Set in the not too distant past, Once We Lived Here can be viewed as a microcosm of Australian life – the clash between city and country, the struggle to survive in a harsh unforgiving environment, and the ignoring or denying of past mistakes and actions that have caused rifts in our society in modern times.
But Once We Lived Here is just as engaging when taken as the simple story of the McPherson family, where the dying matriarch Claire gathers her children together to say last goodbyes, and make one last attempt to shepherd them towards a better future.
Unashamedly true-blue Aussie in its approach, Once We Lived Here is as wide ranging as the big brown land we live on. It's funny, dramatic and tragic in turn, and the musical numbers complement the story rather than acting as punctuation between events. The use of flashbacks with just a slight change of approach by the cast is also a clever way of achieving a seamless telling of the tale.

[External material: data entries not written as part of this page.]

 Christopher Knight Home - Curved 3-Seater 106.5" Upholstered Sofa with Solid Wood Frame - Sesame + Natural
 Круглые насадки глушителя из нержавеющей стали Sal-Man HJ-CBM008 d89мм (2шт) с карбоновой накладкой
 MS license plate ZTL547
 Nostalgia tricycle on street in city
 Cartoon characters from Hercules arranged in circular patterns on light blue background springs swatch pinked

With live musical theatre in an intimate venue like The Blue Room Theatre everything is raw and unfiltered, and the cast and crew do a wonderful job both with their acting and singing under the circumstances. Space restrictions put the band offstage, but the musical production and voice work remains tight and on point. The songs by writers Mathew Frank and Dean Bryant give the cast some great material to work with, and they certainly do them justice.
Whereas many bigger musical productions use flashy special effects to hold your attention and help you ignore the mediocrity of the music, Once We Lived Here instead manages to captivate the audience for over two hours with a simple but authentic story told (and sung!) extremely well. It's a production well worth staying up late for.